8. Economic Exploitation: The economic policies of the British Raj, which led to the exploitation of Indian resources and impoverishment of the masses, fueled resentment and a desire for economic independence. This economic hardship contributed to the mobilization of nationalist sentiments.

Important Centres of Indian National Movement

The Indian National Movement had several important centers and cities where significant events, meetings, and activities took place. These centers played pivotal roles in the struggle for India’s independence. Here are some of the important centers of the Indian National Movement:

Bombay (Mumbai): Bombay was a hub of nationalist activities and home to prominent leaders like Dadabhai Naoroji and Bal Gangadhar Tilak. It hosted the Indian National Congress sessions in 1885, 1904, and 1915.

Calcutta (Kolkata): Calcutta was another major center of nationalist activities and a stronghold of the Indian National Congress. The city hosted the first session of the Indian National Congress in 1885. Leaders like Aurobindo Ghosh and Bipin Chandra Pal were active in Calcutta.

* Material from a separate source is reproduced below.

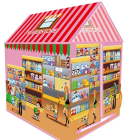 Vaikiška žaidimų palapinė Maisto prekių parduotuvė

Delhi: Delhi played a significant role in the Indian National Movement. The city saw the coronation of King George V in 1911, which led to the annulment of the partition of Bengal. Delhi also became the capital of India in 1912, a move that symbolized British intentions to control India.

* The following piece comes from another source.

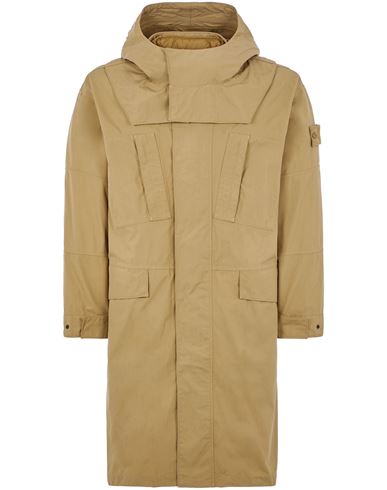 LONG JACKET Stone Island Men - Official Store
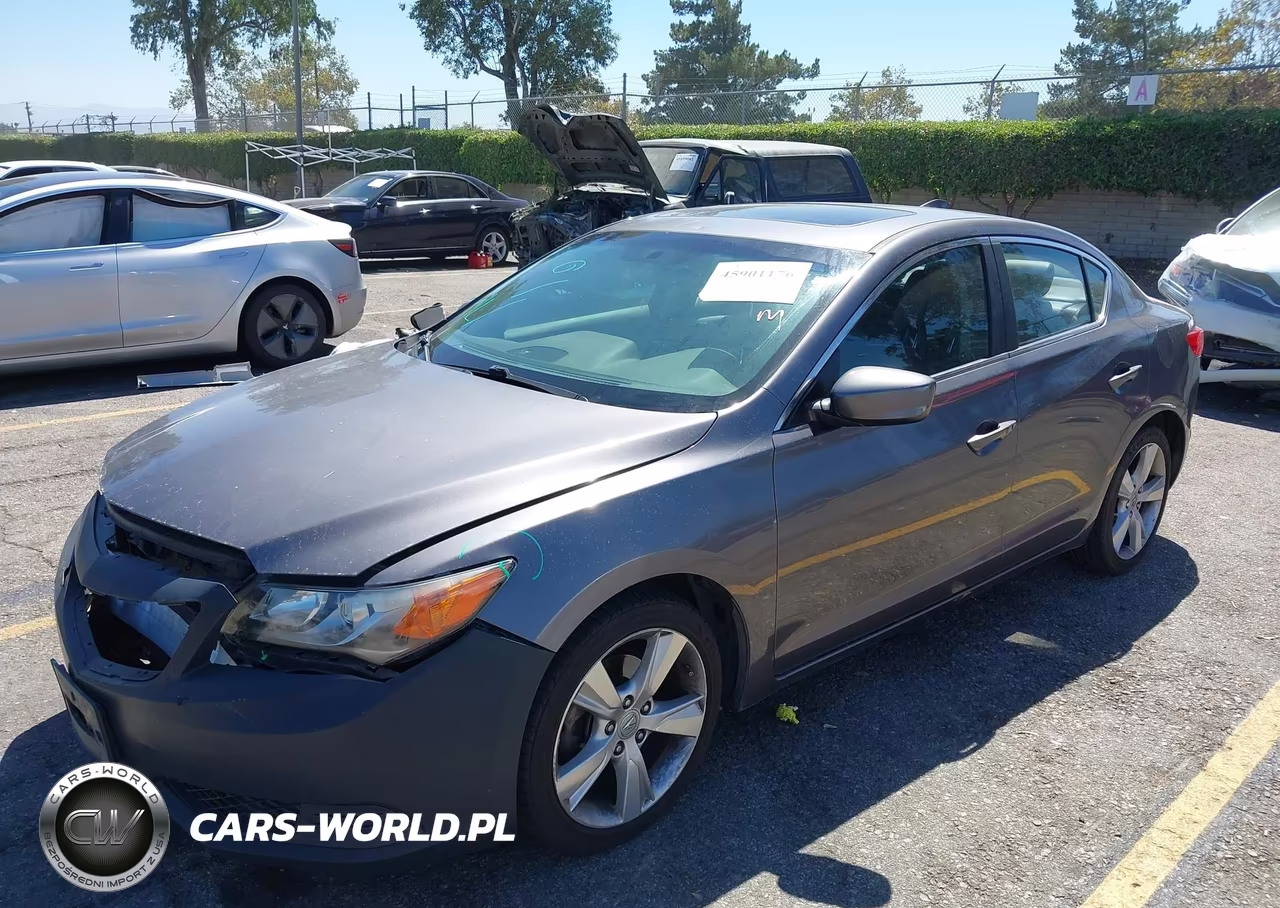 2015 Acura Ilx 2.0L VIN:19VDE1F38FE006745 - 2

Ahmedabad: Mahatma Gandhi established Sabarmati Ashram in Ahmedabad, which served as a base for many of his non-violent movements, including the Salt Satyagraha and the Non-Cooperation Movement.

Lucknow: Lucknow was a center of political activities and home to leaders like Motilal Nehru and Jawaharlal Nehru. It hosted the Congress session in 1916.

Nagpur: Nagpur witnessed the historic Nagpur session of the Indian National Congress in 1920, during which the Non-Cooperation Movement was launched.

Lahore: Lahore was an important center of political and cultural activities. The city hosted several Congress sessions, including the famous Lahore session of 1929 when the demand for complete independence (Purna Swaraj) was made.

Champaran: Champaran in Bihar was the site of Mahatma Gandhi’s first major campaign in India, the Champaran Satyagraha, in 1917. It focused on the issues faced by indigo farmers.

Amritsar: Amritsar is known for the Jallianwala Bagh Massacre of 1919, where British troops opened fire on a peaceful gathering of Indians, leading to widespread outrage.

Dandi: Dandi in Gujarat was the endpoint of the Salt March led by Mahatma Gandhi in 1930. This iconic march protested against the British monopoly on salt production and distribution.

Jhansi: Jhansi played a role in the revolt of 1857, with Rani Laxmi Bai leading her troops in resisting British forces.

Indian National Movement Short Notes

Here’s a concise table summarizing key aspects of the Indian National Movement:

Indian National Movement
Event Description
Revolt of 1857 First major armed uprising against British colonial rule.
Swadeshi Movement (1905-1911) Boycott of British goods and promotion of Indian products.
Gadar Movement (1914-1917) Organized by Indian expatriates to liberate India from British rule.
Home Rule Movement (1916-1918) Advocated self-governance within the British Empire.
Champaran Satyagraha (1917) Led by Gandhi, it protested against the exploitation of indigo farmers.
Rowlatt Satyagraha (1919) Nationwide protest against the Rowlatt Act, which allowed for arrest without trial.
Khilafat and Non-Cooperation Movement (1920) Non-violent resistance against British rule and support for the Khilafat movement.
Civil Disobedience Movement and Dandi March (1930) Mass protests against salt taxes and British monopoly.
Quit India Movement (1942) Demanded an end to British rule in India.
Partition of India (1947) Division into India and Pakistan based on religious lines.
Prominent Leaders Mahatma Gandhi, Jawaharlal Nehru, Sardar Patel, Subhas Chandra Bose, Bhagat Singh, and many others.
Impact Paved the way for India’s independence from British colonial rule in 1947.